What is this? I am finding tools for data science and trying to find the best way to synthesize them. I built the smallest project I could so I could focus on gathering ideas and streamlining my process for the future.

What tools am I using?

  • Authorea - Build collaborative and sharable project reports

  • Evernote - Save, annotate, and share notes

  • Trello - Create linkboards for quicks access to project materials

  • Wakari - Create and share analysis using IPython

  • Plotly - Create and share plots

  • Gistbox - Save, share, and access code snippets

  • Github - Share project files

  • Cloud9 - Cloudbased IDE for project files.

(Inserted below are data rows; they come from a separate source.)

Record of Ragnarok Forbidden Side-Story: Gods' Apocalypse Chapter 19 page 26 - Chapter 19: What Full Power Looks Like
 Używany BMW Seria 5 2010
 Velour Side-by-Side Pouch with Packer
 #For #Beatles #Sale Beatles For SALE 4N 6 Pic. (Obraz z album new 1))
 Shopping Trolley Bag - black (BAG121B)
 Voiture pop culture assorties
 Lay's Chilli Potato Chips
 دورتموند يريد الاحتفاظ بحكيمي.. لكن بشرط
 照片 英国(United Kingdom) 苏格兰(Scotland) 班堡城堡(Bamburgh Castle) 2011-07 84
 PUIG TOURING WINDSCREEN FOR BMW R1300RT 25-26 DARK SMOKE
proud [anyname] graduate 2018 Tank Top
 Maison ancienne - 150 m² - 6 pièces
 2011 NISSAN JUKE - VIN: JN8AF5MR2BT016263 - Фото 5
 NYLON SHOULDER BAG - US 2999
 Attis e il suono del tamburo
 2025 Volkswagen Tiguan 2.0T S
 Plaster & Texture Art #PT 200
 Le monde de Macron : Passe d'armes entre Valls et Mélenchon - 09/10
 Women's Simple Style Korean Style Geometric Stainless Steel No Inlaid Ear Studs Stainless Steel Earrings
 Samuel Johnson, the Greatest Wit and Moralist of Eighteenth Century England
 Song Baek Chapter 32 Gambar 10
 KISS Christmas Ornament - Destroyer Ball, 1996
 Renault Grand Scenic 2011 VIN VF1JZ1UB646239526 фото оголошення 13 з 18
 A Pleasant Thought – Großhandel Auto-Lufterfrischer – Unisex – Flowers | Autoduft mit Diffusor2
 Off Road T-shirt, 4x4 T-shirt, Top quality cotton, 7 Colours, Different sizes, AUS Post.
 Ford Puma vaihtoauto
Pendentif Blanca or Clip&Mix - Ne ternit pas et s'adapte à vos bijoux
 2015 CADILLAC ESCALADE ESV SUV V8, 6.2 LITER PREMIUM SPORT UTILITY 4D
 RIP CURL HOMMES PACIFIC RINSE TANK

  • Wordpress - Post summary and links to shared resources as blog post

  • Asana - Streamline processes by creating repeatable checklists

  • Google Drive - Create and share documents

  • OpenRefine - clean data before analysis

  • BigQuery - Large scale SQL.

Why these tools?

  • Cheap/free

  • collaborative/shareable

  • Cloud/browser based

What did I learn?

I had to use most of these programs for the first time and come up with systems to integrate them. It’s a very unimpressive end project but I now have the foundations to quickly distribute projects in the future.

What is next?

Layout checklists, create templates, and build projects. Refine system a few times before trying to extend to any other tools.